Question

What is the half-life of polonium-210 if it takes 828 days for a sample to be reduced to 1.6% of its original mass?

Answer 1

Answer:

The half-life of polonium-210 is approximately 138.792 days.

Explanation:

We must remember that the decay of a radioisotope is modelled by this ordinary differential equation:

$\frac{dm}{dt} = -\frac{m(t)}{\tau}$

Where:

$m(t)$ - Current mass of the isotope, measured in grams.

$\tau$ - Time constant, measured in days.

Whose solution is:

$m(t) = m_{o}\cdot e^{-\frac{t}{\tau} }$

Where $m_{o}$ is the initial mass of the isotope, measured in grams.

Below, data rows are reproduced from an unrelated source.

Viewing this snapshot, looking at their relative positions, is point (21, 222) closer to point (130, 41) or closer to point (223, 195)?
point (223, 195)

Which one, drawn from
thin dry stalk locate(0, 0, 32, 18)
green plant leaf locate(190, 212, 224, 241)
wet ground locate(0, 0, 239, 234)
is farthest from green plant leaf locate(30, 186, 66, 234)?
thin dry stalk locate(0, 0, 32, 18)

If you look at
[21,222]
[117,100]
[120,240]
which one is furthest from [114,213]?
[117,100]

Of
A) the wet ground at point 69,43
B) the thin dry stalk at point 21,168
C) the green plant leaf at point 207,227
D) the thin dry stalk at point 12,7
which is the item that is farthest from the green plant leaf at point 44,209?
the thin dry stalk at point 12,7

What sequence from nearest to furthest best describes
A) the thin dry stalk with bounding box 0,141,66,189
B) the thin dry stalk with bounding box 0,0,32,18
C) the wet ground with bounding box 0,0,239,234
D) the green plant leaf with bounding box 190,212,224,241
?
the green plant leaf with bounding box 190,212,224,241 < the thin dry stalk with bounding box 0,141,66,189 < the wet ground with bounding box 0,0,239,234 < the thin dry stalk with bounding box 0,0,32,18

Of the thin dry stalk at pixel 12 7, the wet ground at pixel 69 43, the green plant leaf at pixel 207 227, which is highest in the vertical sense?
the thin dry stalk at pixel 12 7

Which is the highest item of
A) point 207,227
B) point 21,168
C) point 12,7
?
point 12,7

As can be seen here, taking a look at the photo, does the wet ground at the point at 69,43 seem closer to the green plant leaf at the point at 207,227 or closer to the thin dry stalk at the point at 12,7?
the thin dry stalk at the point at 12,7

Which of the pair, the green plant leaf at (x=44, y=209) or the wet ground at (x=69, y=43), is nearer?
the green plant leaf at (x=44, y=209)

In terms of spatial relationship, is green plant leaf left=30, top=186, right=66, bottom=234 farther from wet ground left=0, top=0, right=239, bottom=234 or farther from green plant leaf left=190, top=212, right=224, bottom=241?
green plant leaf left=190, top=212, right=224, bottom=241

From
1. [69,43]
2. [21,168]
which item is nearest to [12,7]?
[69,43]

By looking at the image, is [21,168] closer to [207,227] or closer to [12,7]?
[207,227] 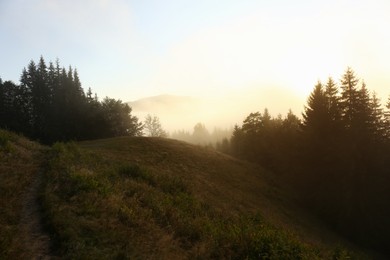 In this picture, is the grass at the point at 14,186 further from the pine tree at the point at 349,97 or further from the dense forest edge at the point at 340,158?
the pine tree at the point at 349,97

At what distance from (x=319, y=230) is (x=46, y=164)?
93.4 ft

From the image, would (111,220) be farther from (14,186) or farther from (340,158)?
(340,158)

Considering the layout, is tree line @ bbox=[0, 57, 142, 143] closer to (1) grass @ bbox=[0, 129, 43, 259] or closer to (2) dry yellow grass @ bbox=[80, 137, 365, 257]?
(2) dry yellow grass @ bbox=[80, 137, 365, 257]

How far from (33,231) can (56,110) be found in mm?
72782

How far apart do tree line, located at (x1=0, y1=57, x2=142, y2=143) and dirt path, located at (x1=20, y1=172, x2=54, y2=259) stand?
185 feet

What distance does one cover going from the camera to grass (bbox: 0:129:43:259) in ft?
35.8

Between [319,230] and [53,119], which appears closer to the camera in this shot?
[319,230]

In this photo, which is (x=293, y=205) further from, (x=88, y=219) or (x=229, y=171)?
(x=88, y=219)

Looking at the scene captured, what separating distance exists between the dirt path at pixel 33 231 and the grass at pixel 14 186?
13cm

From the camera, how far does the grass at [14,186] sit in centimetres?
1091

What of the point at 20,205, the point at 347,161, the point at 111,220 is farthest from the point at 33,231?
the point at 347,161

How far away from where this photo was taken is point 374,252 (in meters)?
37.1

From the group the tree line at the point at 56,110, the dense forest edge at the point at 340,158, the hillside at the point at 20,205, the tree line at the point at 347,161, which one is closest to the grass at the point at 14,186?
the hillside at the point at 20,205

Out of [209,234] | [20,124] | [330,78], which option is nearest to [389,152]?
[330,78] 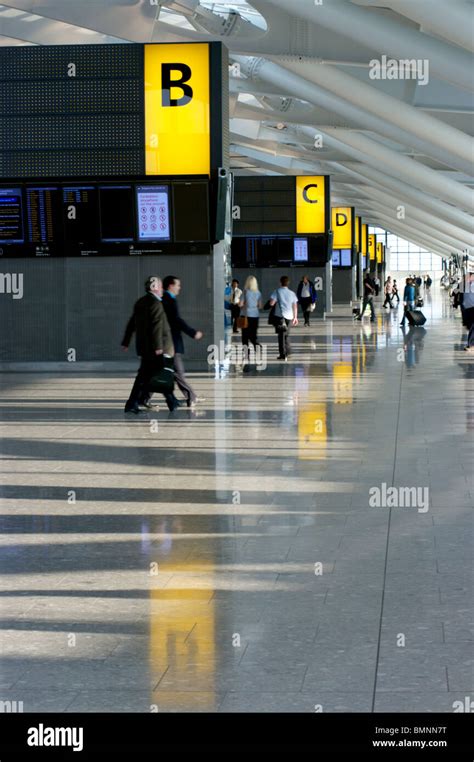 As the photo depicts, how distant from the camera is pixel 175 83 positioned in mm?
21656

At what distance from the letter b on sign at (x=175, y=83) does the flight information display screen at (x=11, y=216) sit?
291 centimetres

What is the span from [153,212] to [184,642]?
53.2 ft

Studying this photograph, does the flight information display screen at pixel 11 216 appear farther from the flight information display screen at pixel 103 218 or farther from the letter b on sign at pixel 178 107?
the letter b on sign at pixel 178 107

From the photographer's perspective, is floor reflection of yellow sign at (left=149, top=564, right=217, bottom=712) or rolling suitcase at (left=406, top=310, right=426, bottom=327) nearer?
floor reflection of yellow sign at (left=149, top=564, right=217, bottom=712)

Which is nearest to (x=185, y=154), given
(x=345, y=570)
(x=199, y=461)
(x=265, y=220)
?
(x=199, y=461)

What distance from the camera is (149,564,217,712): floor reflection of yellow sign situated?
5180 millimetres

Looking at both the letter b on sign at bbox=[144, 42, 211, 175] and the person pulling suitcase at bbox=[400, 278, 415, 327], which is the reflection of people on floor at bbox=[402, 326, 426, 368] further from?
the letter b on sign at bbox=[144, 42, 211, 175]

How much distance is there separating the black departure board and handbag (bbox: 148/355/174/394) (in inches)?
286

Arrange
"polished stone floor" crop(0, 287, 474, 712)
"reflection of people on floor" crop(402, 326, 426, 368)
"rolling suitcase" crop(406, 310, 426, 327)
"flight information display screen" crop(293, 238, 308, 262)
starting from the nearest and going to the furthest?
"polished stone floor" crop(0, 287, 474, 712)
"reflection of people on floor" crop(402, 326, 426, 368)
"rolling suitcase" crop(406, 310, 426, 327)
"flight information display screen" crop(293, 238, 308, 262)

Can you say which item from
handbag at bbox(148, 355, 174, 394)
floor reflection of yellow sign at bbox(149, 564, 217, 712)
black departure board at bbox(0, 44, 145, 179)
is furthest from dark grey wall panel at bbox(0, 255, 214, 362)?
floor reflection of yellow sign at bbox(149, 564, 217, 712)

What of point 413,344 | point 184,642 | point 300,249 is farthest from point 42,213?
point 300,249

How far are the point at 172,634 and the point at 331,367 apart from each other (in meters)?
16.8

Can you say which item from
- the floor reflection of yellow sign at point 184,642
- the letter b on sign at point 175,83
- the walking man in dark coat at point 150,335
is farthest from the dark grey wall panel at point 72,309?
the floor reflection of yellow sign at point 184,642

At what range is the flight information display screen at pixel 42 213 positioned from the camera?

Our first step is to determine the value of the time constant:

$-\frac{t}{\tau} = \ln \frac{m(t)}{m_{o}}$

$\tau = -\frac{t}{\ln \frac{m(t)}{m_{o}} }$

If we know that $\frac{m(t)}{m_{o}} = 0.016$ and $t = 828\,days$, then the time constant of the radioisotope is:

$\tau = -\frac{828\,days}{\ln 0.016}$

$\tau \approx 200.234\,days$

And lastly we find the half-life of polonium-210 ($t_{1/2}$), measured in days, by using this expression:

$t_{1/2} = \tau \cdot \ln 2$

$t_{1/2} = (200.234\,days)\cdot \ln 2$

$t_{1/2}\approx 138.792\,days$

The half-life of polonium-210 is approximately 138.792 days.